↓
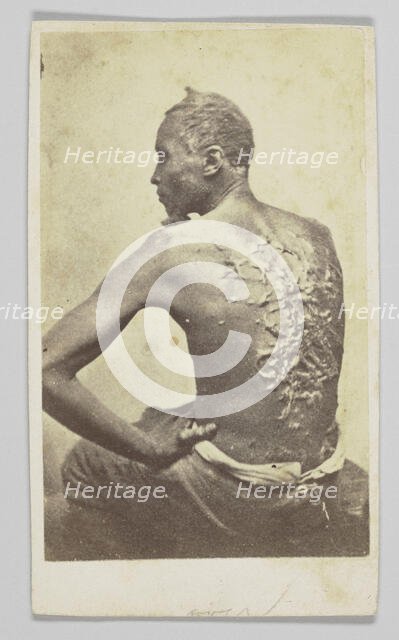 Gordon Under Medical Inspection, 1863. Creator: McPherson & Oliver.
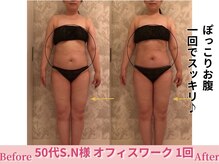 アメリイ 百合ヶ丘 新百合ヶ丘(Amerii)/【50代痩身】スッキリお腹！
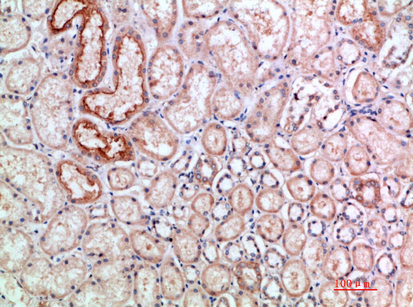 ANG I Polyclonal Antibody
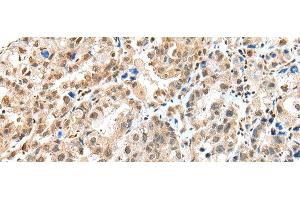 Immunohistochemistry of paraffin-embedded Human ovarian cancer tissue using S100A16 Polyclonal Antibody at dilution of 1:25(x200) (S100A16 抗体)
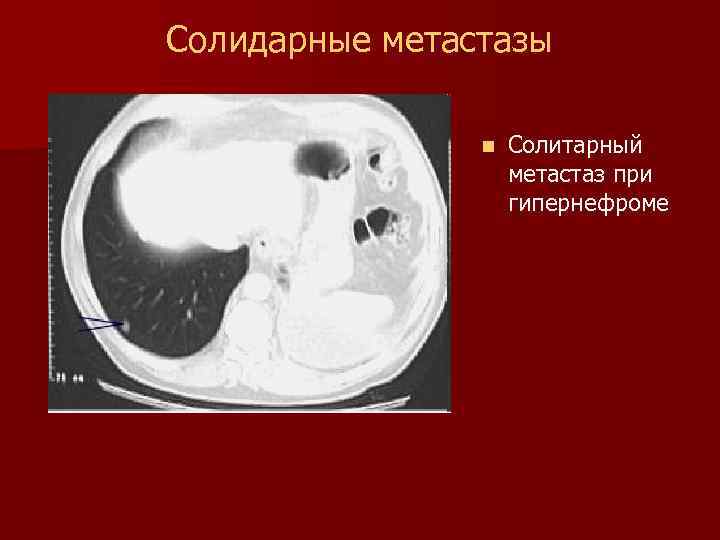 Солидарные метастазы n Солитарный метастаз при гипернефроме 
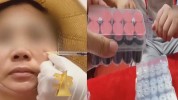医疗美容针剂犯罪案件(医疗美容当事人万元长沙市医疗器械)
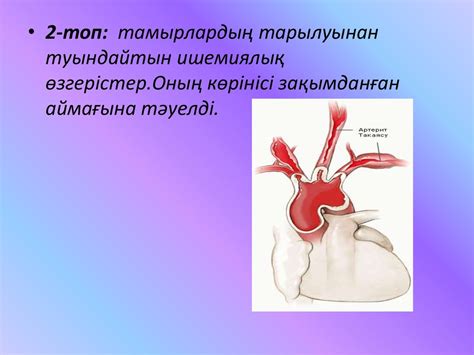 Такаясу ауруы - презентация онлайн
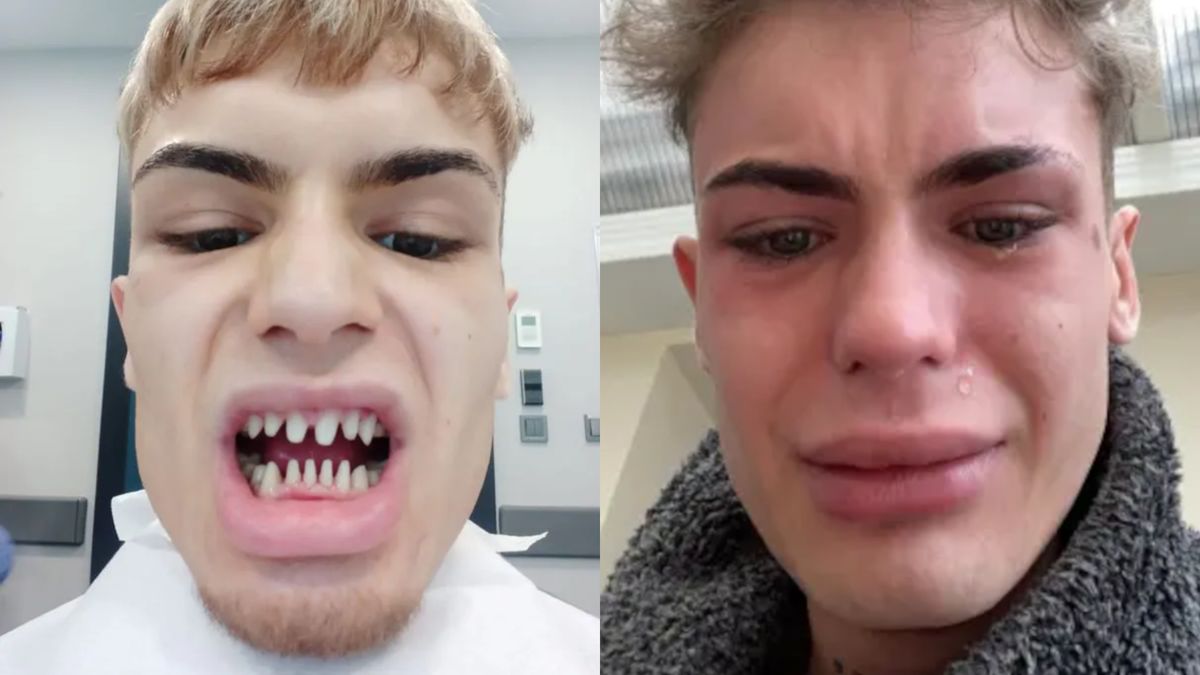 Jack James poznał przykre konsekwencje tureckiej metamorfozy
↑
(What you should do)
Transcribe, please, the lines from the one holding "Immunohistochemistry of paraffin-embedded" to the final line of the material, both included, exactly and with no extra lines, and skip the pictures.

(Exercise result)
 Immunohistochemistry of paraffin-embedded Human ovarian cancer tissue using S100A16 Polyclonal Antibody at dilution of 1:25(x200) (S100A16 抗体)
 Солидарные метастазы n Солитарный метастаз при гипернефроме 
医疗美容针剂犯罪案件(医疗美容当事人万元长沙市医疗器械)
 Такаясу ауруы - презентация онлайн
 Jack James poznał przykre konsekwencje tureckiej metamorfozy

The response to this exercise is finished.